[Caption-style text data]
▬▬▬▬▬▬
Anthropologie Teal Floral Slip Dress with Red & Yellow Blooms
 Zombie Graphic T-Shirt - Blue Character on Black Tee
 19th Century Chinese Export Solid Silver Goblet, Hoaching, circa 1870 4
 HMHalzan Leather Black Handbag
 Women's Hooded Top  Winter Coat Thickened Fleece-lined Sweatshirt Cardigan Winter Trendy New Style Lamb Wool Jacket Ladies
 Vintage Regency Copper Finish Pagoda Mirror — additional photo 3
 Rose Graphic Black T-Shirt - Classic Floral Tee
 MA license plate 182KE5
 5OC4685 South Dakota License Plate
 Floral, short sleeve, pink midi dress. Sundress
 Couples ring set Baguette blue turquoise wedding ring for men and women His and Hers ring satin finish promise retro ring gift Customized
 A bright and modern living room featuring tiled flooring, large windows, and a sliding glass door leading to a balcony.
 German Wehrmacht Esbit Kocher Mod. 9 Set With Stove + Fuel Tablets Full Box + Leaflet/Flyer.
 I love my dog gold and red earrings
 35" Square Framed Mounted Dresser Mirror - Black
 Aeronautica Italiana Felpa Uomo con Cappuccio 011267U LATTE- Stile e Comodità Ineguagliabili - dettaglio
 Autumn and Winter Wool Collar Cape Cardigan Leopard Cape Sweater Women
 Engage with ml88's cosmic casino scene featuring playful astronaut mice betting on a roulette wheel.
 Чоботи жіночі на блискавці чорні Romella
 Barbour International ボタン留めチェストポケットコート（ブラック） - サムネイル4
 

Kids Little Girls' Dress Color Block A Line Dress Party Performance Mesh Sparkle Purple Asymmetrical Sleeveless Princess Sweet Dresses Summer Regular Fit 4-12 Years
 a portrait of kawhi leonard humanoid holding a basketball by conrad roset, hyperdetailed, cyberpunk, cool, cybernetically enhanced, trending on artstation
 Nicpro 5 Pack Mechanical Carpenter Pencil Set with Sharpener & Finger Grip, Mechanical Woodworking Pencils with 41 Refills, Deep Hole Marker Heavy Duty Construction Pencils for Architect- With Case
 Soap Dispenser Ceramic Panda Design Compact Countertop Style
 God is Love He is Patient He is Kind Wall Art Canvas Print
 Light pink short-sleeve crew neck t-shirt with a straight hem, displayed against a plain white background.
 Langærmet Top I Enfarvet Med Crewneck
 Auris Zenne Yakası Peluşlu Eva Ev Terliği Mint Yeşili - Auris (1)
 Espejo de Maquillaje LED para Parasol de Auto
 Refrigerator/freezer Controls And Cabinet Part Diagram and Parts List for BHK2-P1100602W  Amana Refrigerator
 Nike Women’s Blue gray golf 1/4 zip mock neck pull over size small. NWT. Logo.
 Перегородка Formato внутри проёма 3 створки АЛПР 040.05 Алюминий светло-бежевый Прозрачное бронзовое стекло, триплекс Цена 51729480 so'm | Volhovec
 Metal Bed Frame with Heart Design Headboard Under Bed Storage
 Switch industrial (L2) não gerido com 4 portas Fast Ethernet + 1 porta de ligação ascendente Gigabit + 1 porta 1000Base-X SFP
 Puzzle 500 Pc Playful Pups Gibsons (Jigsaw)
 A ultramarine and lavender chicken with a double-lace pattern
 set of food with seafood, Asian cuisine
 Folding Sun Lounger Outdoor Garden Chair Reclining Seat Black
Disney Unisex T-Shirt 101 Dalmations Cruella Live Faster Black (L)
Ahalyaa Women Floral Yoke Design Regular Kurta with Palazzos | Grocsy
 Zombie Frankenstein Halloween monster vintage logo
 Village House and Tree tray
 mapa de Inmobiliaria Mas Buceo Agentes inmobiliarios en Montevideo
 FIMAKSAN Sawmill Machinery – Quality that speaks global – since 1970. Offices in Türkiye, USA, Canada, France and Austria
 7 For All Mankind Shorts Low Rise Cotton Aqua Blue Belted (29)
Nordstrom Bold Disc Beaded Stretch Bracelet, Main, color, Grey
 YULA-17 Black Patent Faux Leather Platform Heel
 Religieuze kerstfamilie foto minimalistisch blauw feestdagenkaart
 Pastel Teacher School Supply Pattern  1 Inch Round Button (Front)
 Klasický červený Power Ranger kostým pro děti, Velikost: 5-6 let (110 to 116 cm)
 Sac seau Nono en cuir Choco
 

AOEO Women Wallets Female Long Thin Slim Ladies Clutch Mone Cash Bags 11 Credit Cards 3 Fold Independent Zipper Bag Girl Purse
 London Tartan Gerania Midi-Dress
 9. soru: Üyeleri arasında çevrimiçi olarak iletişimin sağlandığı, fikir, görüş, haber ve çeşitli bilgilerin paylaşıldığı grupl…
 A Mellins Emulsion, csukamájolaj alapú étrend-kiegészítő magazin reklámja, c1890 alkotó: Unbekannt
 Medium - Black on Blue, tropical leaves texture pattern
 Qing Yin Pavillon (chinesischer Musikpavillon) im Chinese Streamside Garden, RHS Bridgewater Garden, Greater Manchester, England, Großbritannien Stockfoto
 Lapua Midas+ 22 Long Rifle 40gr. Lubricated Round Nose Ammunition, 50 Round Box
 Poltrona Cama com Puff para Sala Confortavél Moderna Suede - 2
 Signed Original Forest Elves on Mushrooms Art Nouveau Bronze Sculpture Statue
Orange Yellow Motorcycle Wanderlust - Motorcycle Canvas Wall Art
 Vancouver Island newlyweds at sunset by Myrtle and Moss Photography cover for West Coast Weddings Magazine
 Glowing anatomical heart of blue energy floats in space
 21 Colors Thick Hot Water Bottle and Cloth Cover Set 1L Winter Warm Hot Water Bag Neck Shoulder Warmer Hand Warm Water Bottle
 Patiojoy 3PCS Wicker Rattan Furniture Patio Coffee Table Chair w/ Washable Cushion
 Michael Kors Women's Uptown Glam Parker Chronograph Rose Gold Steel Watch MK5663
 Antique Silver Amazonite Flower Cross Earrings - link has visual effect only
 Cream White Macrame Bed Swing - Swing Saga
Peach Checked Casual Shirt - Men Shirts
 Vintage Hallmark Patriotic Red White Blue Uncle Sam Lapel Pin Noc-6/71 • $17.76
▬▬▬▬▬▬
• TASK DETAILS: Using the data above, restate word for word the lines from its opening line through the line that contains "Rose Graphic Black", and no more.

• EXERCISE OUTPUT:
Anthropologie Teal Floral Slip Dress with Red & Yellow Blooms
 Zombie Graphic T-Shirt - Blue Character on Black Tee
 19th Century Chinese Export Solid Silver Goblet, Hoaching, circa 1870 4
 HMHalzan Leather Black Handbag
 Women's Hooded Top  Winter Coat Thickened Fleece-lined Sweatshirt Cardigan Winter Trendy New Style Lamb Wool Jacket Ladies
 Vintage Regency Copper Finish Pagoda Mirror — additional photo 3
 Rose Graphic Black T-Shirt - Classic Floral Tee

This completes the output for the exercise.